Assignment: Look below for the line that contains "Elegant Cylindrical Table", then copy it and each following line exactly, through and including the line that contains "Save phone number".

Records shown:

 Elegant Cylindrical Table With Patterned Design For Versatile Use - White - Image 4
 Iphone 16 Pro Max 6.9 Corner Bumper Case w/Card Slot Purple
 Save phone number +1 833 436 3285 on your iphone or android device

==

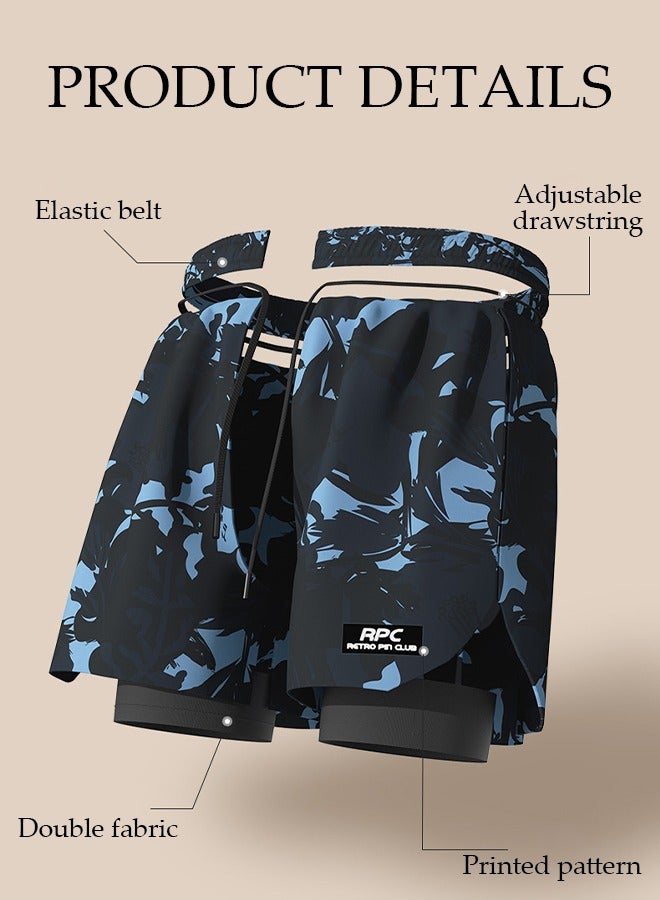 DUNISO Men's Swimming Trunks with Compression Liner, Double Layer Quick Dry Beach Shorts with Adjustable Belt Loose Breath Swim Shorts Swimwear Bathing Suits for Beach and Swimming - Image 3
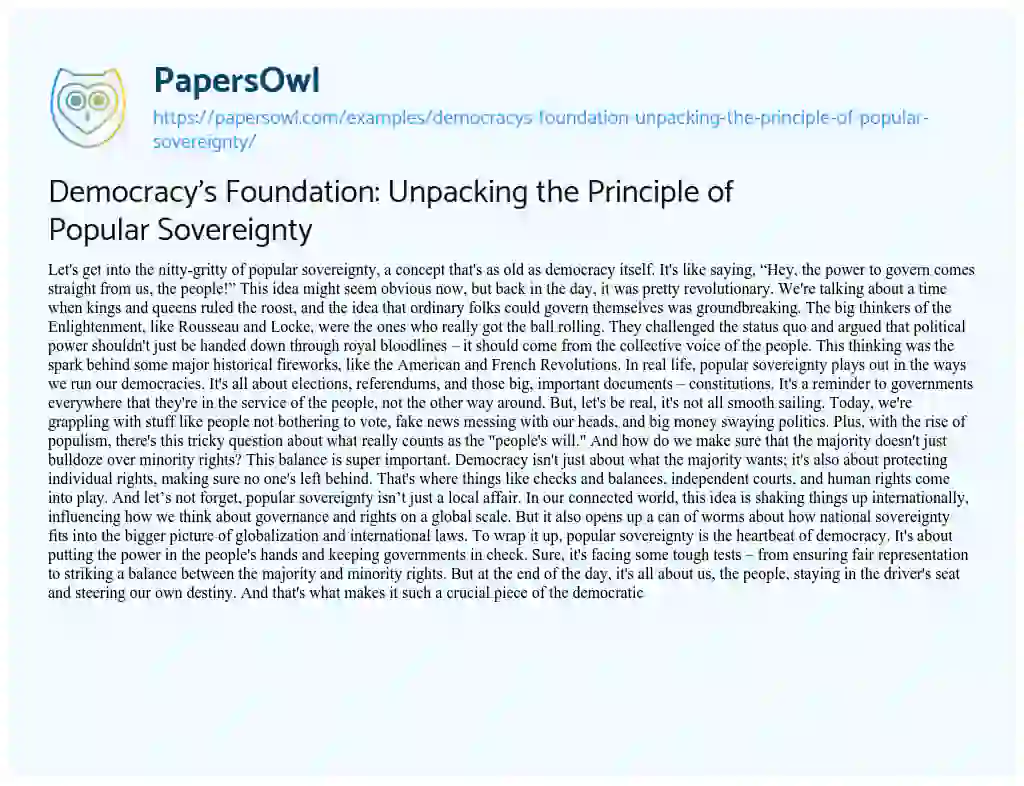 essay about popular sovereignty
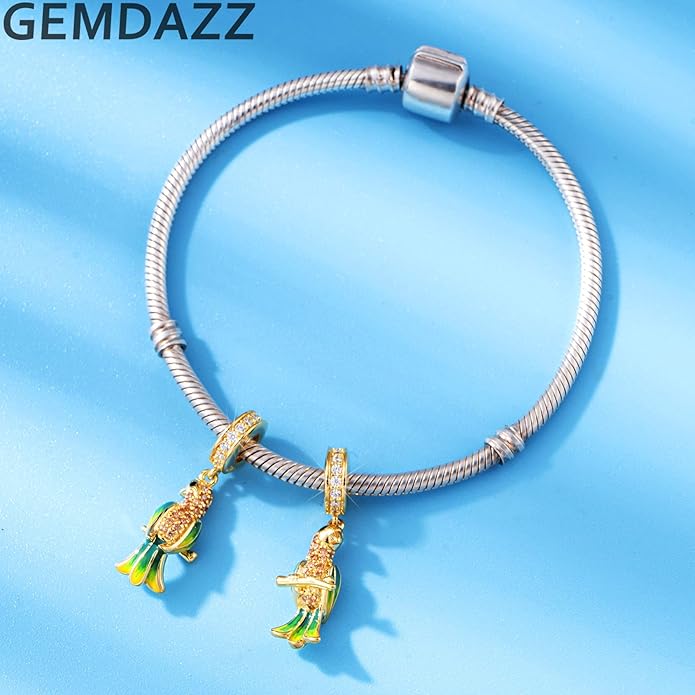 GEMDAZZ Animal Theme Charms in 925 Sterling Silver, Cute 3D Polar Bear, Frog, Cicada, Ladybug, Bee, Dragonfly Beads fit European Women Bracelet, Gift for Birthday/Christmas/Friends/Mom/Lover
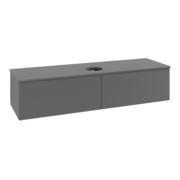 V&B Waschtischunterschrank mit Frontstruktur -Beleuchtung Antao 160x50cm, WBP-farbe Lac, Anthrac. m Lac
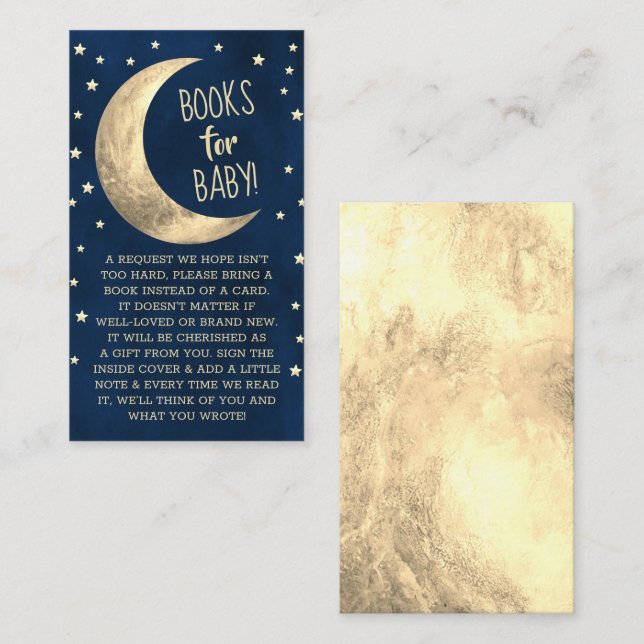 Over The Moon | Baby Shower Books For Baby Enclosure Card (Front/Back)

Solution to this problem:
 Elegant Cylindrical Table With Patterned Design For Versatile Use - White - Image 4
 Iphone 16 Pro Max 6.9 Corner Bumper Case w/Card Slot Purple
 Save phone number +1 833 436 3285 on your iphone or android device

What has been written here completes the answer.